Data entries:
--------------------------------

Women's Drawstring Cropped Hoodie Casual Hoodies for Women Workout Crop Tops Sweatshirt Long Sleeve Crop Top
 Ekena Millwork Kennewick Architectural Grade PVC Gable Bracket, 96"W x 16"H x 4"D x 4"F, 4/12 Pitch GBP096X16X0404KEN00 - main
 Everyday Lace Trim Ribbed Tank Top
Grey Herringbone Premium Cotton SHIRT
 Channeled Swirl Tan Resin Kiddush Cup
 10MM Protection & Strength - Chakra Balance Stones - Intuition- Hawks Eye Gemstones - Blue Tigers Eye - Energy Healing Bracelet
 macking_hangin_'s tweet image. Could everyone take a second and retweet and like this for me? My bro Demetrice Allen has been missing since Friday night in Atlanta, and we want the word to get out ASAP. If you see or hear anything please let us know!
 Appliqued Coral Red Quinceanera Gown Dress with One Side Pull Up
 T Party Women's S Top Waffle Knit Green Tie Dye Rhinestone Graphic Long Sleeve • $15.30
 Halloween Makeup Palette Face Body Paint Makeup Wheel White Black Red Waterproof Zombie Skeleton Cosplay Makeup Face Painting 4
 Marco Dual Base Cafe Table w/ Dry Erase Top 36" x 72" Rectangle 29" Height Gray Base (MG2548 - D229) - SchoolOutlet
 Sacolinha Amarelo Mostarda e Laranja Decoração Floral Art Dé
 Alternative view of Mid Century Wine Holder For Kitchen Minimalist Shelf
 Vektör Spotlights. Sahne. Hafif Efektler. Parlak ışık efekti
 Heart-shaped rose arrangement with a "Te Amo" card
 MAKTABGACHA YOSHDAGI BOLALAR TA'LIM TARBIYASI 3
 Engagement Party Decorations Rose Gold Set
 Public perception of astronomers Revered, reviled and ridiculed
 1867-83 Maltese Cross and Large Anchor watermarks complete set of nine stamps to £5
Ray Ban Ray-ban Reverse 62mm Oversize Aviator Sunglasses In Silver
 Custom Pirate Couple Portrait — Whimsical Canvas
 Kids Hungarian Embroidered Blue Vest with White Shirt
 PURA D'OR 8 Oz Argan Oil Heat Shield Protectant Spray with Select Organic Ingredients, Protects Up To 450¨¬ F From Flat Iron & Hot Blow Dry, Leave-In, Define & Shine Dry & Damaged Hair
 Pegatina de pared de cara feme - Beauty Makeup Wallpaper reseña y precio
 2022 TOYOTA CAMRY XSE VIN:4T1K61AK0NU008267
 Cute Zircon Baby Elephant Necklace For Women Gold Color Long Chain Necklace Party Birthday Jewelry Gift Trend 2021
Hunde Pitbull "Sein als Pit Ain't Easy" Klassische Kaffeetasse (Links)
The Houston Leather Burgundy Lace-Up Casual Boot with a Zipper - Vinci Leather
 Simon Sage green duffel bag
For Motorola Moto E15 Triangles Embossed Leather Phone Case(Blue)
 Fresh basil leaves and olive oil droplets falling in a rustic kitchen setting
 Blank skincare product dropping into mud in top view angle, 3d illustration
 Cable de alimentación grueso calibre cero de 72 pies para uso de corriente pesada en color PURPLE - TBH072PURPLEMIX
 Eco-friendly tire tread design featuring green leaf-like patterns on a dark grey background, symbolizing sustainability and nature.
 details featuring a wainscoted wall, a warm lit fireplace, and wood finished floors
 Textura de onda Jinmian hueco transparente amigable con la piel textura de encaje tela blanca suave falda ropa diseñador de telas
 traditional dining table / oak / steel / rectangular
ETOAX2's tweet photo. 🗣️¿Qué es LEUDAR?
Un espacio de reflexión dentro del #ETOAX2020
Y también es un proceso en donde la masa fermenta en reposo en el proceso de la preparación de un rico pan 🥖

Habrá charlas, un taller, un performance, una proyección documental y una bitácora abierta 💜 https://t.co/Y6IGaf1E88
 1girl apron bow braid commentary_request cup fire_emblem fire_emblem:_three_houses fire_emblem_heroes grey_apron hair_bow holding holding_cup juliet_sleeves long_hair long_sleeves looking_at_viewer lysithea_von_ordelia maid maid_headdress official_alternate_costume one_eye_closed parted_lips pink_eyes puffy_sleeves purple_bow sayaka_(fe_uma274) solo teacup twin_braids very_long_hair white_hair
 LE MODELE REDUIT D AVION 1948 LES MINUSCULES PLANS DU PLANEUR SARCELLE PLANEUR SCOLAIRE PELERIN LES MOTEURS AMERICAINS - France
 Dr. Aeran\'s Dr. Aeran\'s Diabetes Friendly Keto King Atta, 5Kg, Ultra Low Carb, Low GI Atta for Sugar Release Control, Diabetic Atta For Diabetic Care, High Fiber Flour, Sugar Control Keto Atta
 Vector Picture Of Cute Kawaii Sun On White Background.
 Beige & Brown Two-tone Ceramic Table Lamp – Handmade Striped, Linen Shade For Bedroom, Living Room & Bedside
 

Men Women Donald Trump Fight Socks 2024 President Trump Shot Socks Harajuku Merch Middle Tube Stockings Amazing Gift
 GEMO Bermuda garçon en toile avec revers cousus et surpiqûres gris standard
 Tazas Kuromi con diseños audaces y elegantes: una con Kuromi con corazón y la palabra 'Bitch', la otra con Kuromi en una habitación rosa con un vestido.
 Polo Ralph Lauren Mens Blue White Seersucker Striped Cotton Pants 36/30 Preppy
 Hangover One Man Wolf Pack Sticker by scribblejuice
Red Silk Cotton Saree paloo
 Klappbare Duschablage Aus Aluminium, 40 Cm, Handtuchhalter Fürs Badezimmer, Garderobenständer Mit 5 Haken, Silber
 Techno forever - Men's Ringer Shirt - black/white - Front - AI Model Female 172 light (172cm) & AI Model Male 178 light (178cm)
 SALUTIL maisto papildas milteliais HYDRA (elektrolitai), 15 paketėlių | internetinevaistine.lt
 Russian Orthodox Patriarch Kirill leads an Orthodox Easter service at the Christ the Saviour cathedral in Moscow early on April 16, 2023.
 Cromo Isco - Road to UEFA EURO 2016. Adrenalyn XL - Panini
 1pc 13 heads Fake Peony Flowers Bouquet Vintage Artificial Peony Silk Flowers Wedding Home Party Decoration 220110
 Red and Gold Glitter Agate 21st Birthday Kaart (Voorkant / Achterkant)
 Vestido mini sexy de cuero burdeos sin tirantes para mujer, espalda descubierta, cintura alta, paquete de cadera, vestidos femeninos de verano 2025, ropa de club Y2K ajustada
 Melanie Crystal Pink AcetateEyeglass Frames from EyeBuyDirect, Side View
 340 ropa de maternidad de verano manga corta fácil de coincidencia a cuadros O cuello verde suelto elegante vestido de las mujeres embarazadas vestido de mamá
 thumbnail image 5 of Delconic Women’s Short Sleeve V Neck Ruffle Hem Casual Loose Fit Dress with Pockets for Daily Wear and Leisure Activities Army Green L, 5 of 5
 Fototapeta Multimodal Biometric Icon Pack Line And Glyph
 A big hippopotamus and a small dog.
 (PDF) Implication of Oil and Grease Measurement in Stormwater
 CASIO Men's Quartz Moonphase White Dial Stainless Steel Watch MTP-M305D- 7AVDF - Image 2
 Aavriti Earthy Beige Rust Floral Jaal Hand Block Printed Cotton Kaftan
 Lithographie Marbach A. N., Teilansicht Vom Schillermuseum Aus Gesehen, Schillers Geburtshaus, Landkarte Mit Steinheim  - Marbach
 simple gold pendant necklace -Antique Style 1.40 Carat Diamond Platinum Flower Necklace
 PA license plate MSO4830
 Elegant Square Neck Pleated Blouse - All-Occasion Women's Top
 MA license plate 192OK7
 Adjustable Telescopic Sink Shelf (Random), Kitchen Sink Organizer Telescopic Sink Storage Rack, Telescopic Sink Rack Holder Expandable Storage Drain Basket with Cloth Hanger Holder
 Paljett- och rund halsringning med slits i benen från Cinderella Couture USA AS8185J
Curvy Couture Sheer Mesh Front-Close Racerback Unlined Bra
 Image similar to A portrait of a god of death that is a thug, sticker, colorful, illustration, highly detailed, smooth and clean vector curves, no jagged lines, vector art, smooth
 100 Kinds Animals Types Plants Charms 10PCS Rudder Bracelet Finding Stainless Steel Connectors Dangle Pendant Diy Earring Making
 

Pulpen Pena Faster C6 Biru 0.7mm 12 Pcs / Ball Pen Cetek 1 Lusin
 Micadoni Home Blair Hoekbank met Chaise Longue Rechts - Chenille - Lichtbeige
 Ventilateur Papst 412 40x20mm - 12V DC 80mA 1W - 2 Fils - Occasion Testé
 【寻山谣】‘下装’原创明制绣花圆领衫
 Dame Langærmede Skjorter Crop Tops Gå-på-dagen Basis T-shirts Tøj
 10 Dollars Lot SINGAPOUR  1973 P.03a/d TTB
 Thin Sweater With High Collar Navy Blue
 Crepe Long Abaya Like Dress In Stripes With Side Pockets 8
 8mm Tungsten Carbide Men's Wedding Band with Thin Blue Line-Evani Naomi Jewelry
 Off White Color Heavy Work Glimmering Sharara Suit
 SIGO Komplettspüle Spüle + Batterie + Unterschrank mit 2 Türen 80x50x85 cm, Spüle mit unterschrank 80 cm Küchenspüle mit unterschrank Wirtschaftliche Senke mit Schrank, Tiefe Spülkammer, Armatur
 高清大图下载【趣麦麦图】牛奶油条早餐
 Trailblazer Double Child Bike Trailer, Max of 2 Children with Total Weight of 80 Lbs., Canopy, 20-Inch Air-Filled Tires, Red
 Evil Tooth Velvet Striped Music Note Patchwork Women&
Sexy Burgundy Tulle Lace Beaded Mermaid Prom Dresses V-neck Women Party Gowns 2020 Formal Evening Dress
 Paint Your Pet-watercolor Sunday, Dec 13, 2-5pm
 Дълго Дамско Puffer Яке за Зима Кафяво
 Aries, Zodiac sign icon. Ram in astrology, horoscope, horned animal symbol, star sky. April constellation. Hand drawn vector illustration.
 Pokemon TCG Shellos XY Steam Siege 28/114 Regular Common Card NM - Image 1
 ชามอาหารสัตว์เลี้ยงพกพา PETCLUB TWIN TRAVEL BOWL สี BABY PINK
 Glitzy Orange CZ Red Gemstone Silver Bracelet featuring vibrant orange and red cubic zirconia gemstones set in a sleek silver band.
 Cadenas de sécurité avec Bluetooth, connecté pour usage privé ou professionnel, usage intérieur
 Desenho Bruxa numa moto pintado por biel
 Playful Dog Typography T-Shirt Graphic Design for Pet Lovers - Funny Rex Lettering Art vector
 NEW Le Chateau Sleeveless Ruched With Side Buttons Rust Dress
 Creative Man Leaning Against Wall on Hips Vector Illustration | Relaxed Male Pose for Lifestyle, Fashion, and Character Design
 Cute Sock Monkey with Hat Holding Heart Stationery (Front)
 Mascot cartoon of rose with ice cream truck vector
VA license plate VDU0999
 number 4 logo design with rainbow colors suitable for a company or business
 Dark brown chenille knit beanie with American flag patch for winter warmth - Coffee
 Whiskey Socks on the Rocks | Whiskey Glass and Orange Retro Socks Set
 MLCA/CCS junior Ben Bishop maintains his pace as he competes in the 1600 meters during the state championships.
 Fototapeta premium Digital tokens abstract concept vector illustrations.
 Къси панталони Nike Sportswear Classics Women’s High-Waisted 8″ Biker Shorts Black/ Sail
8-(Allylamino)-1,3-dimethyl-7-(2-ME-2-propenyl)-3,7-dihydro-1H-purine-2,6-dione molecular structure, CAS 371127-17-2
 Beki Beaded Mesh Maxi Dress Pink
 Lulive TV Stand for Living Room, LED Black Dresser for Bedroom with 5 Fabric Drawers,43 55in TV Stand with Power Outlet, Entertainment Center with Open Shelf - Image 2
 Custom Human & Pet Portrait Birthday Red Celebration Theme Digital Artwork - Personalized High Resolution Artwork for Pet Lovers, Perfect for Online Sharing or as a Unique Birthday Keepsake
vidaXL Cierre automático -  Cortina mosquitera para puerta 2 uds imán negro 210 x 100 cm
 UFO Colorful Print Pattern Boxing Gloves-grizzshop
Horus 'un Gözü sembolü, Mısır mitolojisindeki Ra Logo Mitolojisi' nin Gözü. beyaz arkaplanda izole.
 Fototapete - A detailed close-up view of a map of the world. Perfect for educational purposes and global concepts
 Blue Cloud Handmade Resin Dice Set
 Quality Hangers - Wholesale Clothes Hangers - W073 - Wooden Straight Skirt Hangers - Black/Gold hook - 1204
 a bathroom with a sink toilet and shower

--------------------------------

* [WORK REQUIRED]: Repeat, exactly as they stand above, the lines from the line with "T Party Women's" to the line with "Ray Ban Ray-ban", both lines included.

* [ANSWER TO THE EXERCISE]:
 T Party Women's S Top Waffle Knit Green Tie Dye Rhinestone Graphic Long Sleeve • $15.30
 Halloween Makeup Palette Face Body Paint Makeup Wheel White Black Red Waterproof Zombie Skeleton Cosplay Makeup Face Painting 4
 Marco Dual Base Cafe Table w/ Dry Erase Top 36" x 72" Rectangle 29" Height Gray Base (MG2548 - D229) - SchoolOutlet
 Sacolinha Amarelo Mostarda e Laranja Decoração Floral Art Dé
 Alternative view of Mid Century Wine Holder For Kitchen Minimalist Shelf
 Vektör Spotlights. Sahne. Hafif Efektler. Parlak ışık efekti
 Heart-shaped rose arrangement with a "Te Amo" card
 MAKTABGACHA YOSHDAGI BOLALAR TA'LIM TARBIYASI 3
 Engagement Party Decorations Rose Gold Set
 Public perception of astronomers Revered, reviled and ridiculed
 1867-83 Maltese Cross and Large Anchor watermarks complete set of nine stamps to £5
Ray Ban Ray-ban Reverse 62mm Oversize Aviator Sunglasses In Silver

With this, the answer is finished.